• [Exercise details]:
The answer must be an exact copy of the records below, with every picture left out.

++++ Records to process

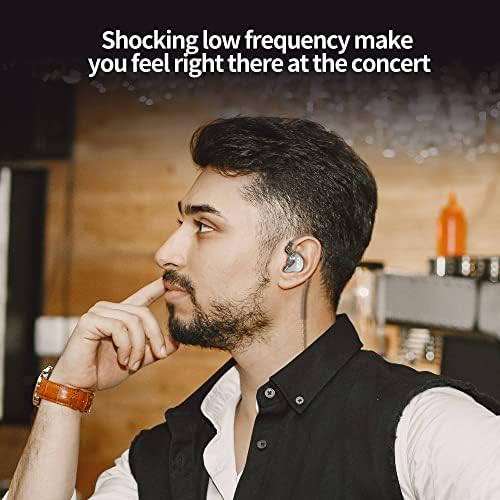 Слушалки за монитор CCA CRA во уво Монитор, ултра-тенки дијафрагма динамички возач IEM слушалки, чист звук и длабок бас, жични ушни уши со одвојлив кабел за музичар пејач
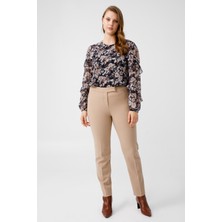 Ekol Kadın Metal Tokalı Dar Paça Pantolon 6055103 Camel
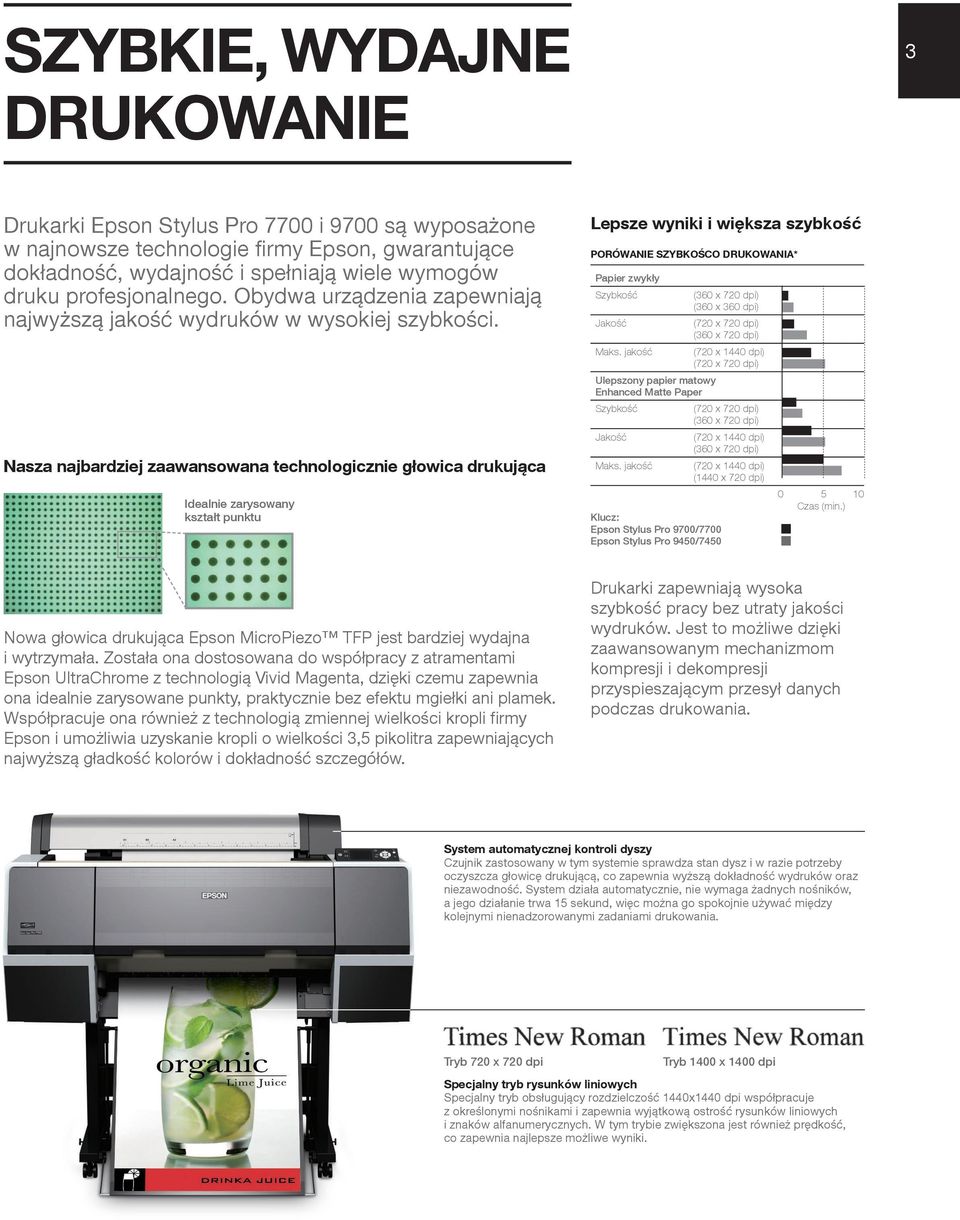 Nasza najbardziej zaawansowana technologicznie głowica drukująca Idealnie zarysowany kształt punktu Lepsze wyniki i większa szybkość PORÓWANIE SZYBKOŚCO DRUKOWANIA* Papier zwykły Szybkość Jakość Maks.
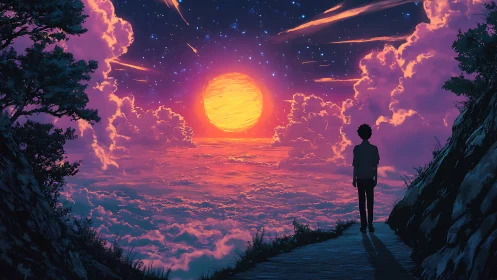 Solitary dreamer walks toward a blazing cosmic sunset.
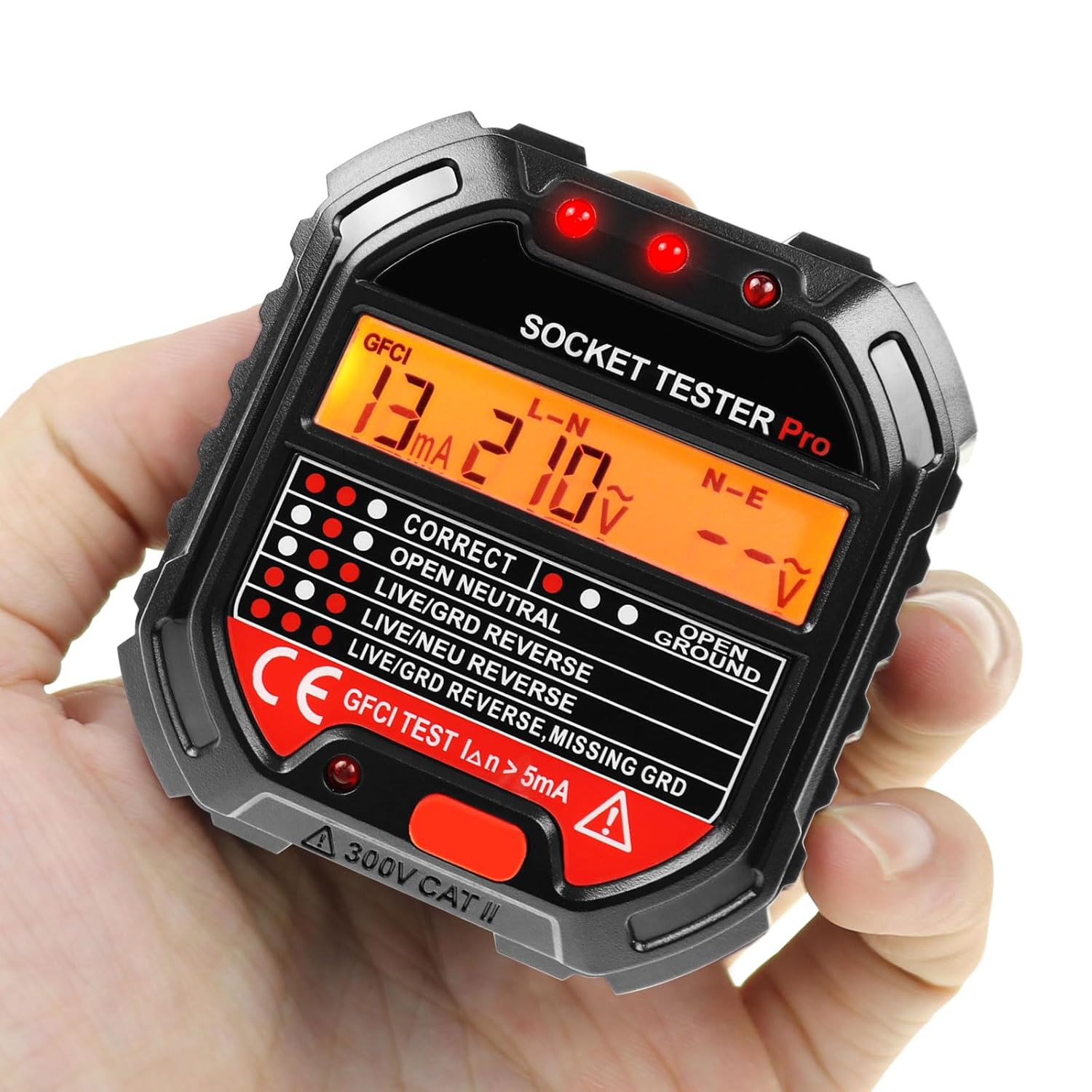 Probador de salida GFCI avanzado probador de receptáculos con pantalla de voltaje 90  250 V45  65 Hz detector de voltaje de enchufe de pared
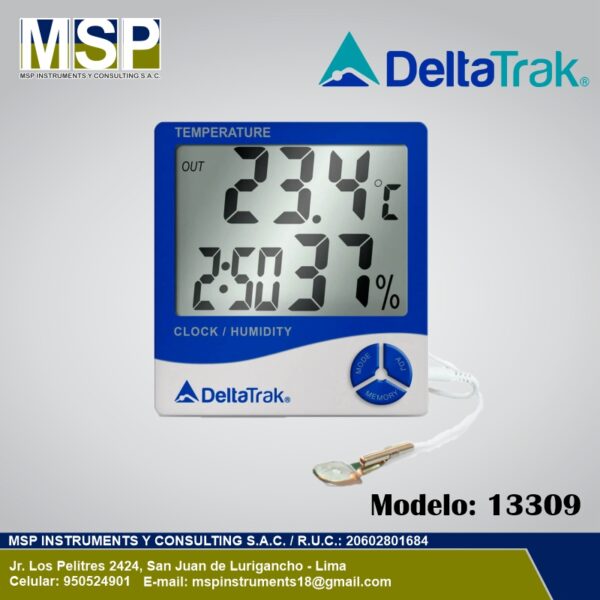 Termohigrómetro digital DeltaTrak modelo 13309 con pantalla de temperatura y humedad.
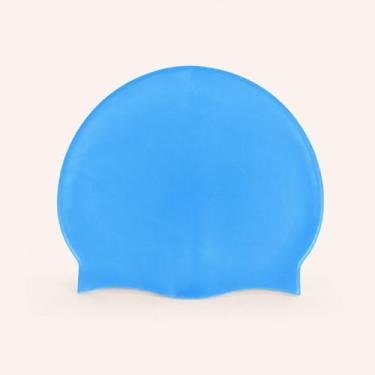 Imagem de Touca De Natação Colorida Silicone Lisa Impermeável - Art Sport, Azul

++++++++

• [Result]:
 Слушалки за монитор CCA CRA во уво Монитор, ултра-тенки дијафрагма динамички возач IEM слушалки, чист звук и длабок бас, жични ушни уши со одвојлив кабел за музичар пејач
 Ekol Kadın Metal Tokalı Dar Paça Pantolon 6055103 Camel
 Nasza najbardziej zaawansowana technologicznie głowica drukująca Idealnie zarysowany kształt punktu Lepsze wyniki i większa szybkość PORÓWANIE SZYBKOŚCO DRUKOWANIA* Papier zwykły Szybkość Jakość Maks.
 Solitary dreamer walks toward a blazing cosmic sunset.
 Probador de salida GFCI avanzado probador de receptáculos con pantalla de voltaje 90  250 V45  65 Hz detector de voltaje de enchufe de pared
 Termohigrómetro digital DeltaTrak modelo 13309 con pantalla de temperatura y humedad.
 Imagem de Touca De Natação Colorida Silicone Lisa Impermeável - Art Sport, Azul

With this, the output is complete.